Data records —
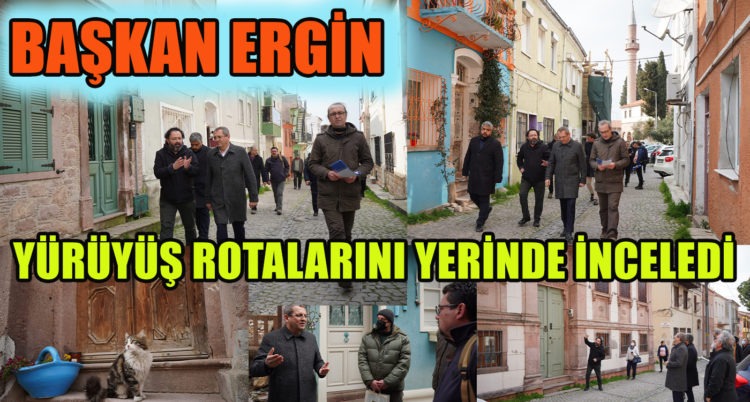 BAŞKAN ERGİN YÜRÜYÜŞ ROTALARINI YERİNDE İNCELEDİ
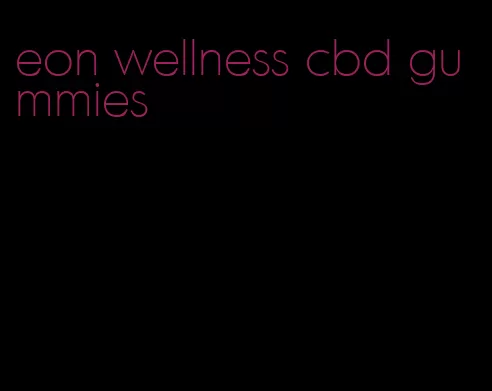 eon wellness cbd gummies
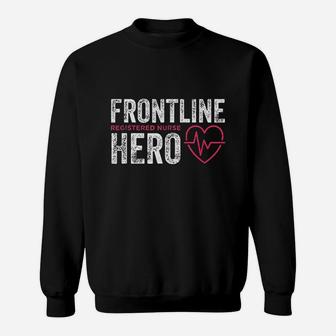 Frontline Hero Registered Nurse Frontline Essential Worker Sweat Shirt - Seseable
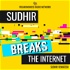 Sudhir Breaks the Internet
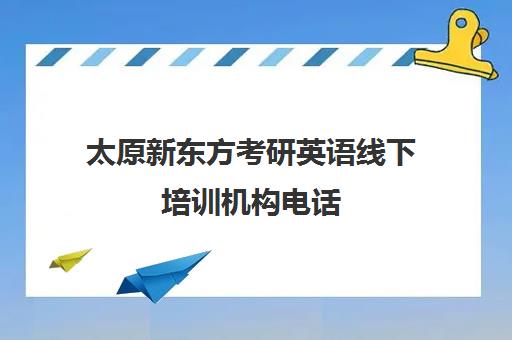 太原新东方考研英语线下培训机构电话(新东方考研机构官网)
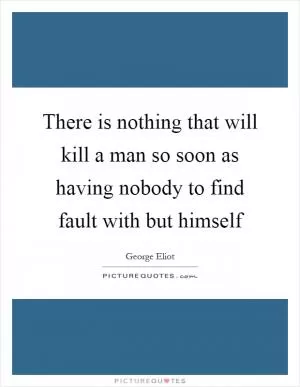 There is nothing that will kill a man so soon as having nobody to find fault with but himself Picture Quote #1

---

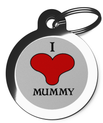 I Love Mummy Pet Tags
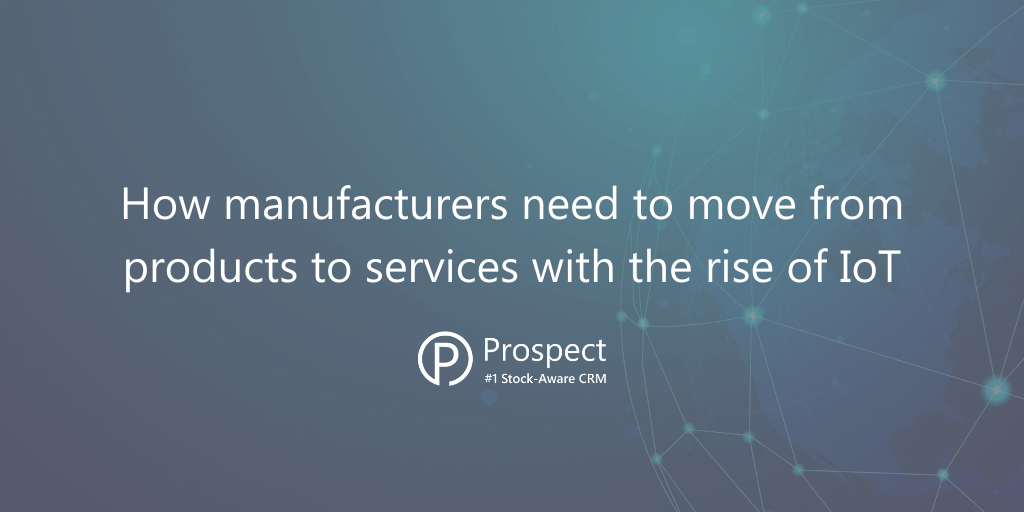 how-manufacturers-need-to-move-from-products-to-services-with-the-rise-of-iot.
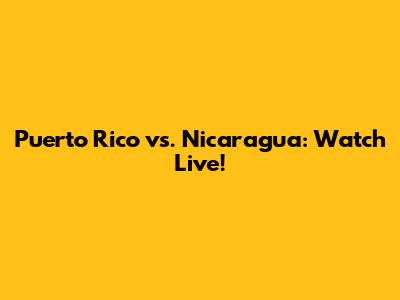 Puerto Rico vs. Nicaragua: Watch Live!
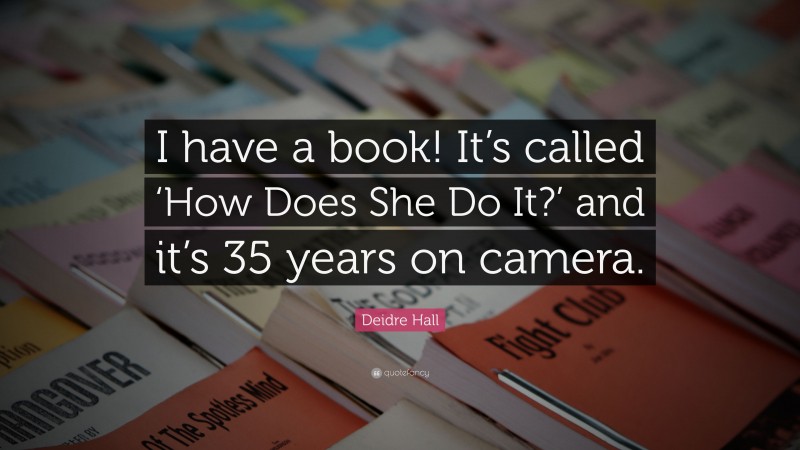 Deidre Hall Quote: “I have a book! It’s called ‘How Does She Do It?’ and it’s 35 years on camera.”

...

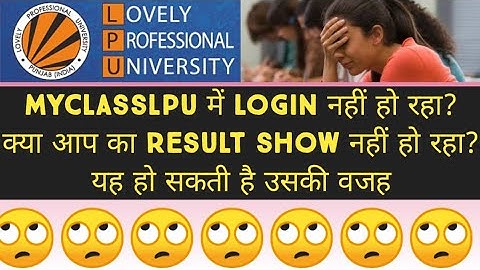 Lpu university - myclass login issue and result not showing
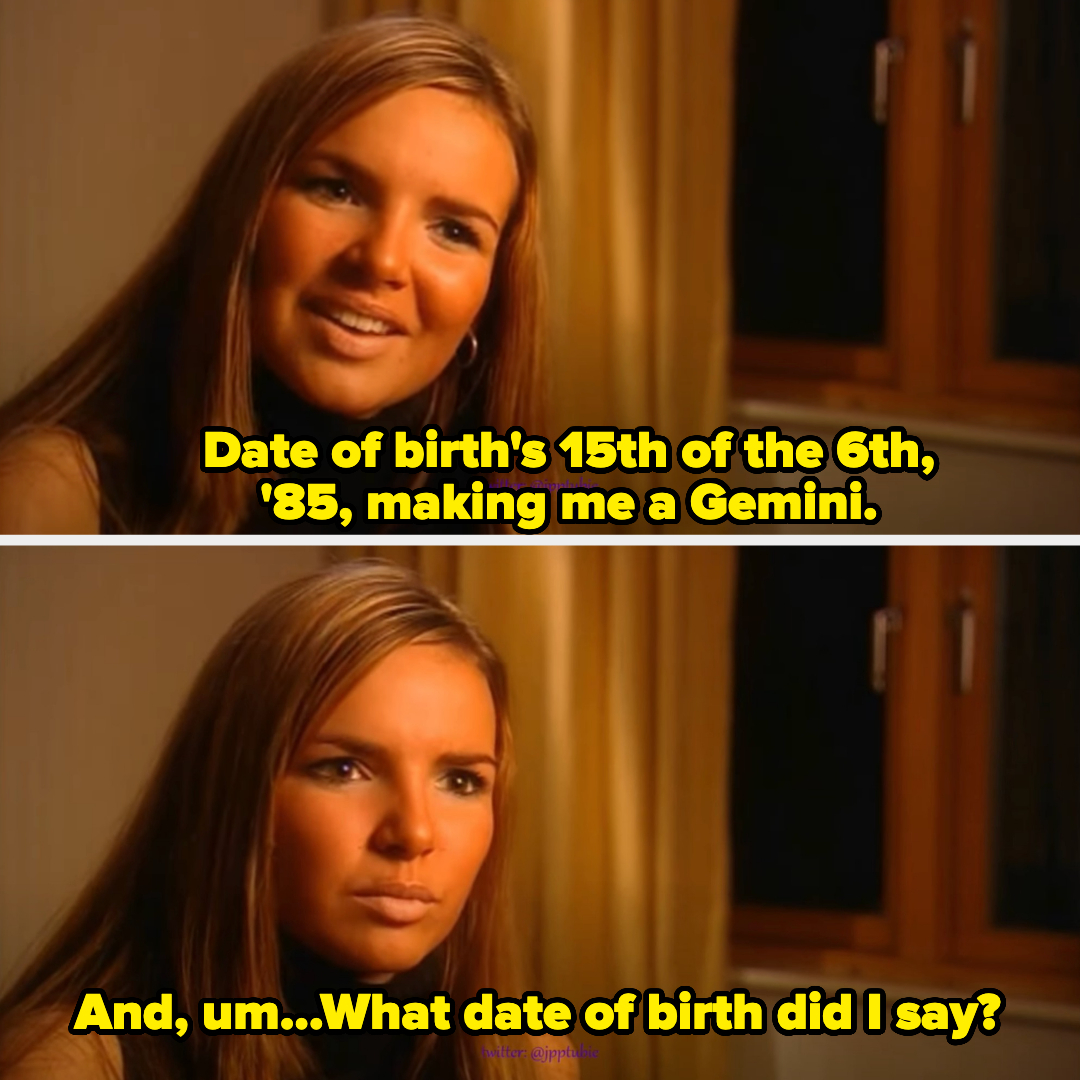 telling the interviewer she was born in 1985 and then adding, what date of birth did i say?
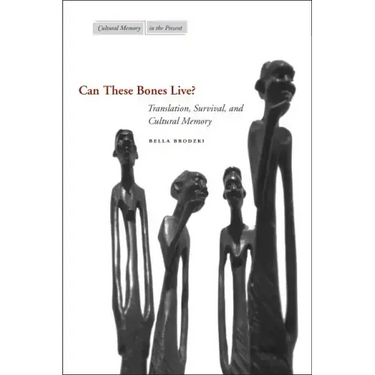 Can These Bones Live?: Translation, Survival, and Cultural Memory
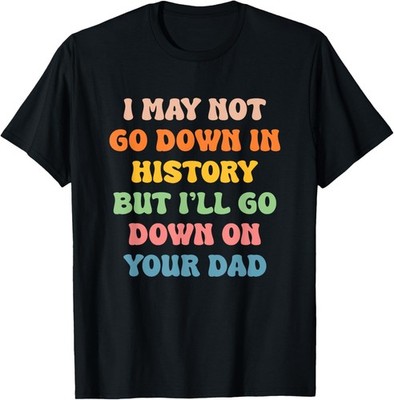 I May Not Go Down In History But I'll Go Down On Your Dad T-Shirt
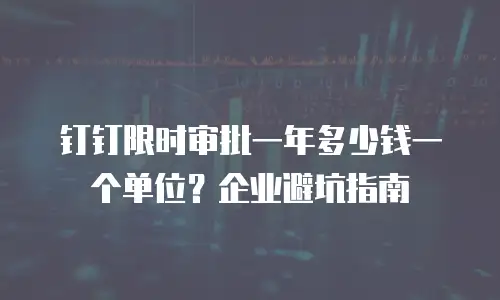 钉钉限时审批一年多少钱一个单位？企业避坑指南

What you should do —
Using the data above, print only the lines starting at the one with "Frontline Hero Registered" and ending at the one with "There is nothing", exactly as they stand, minus the pictures.

Solution to the exercise —
 Frontline Hero Registered Nurse Frontline Essential Worker Sweat Shirt - Seseable
 Sudhir Breaks the Internet
 太原新东方考研英语线下培训机构电话(新东方考研机构官网)
 There is nothing that will kill a man so soon as having nobody to find fault with but himself Picture Quote #1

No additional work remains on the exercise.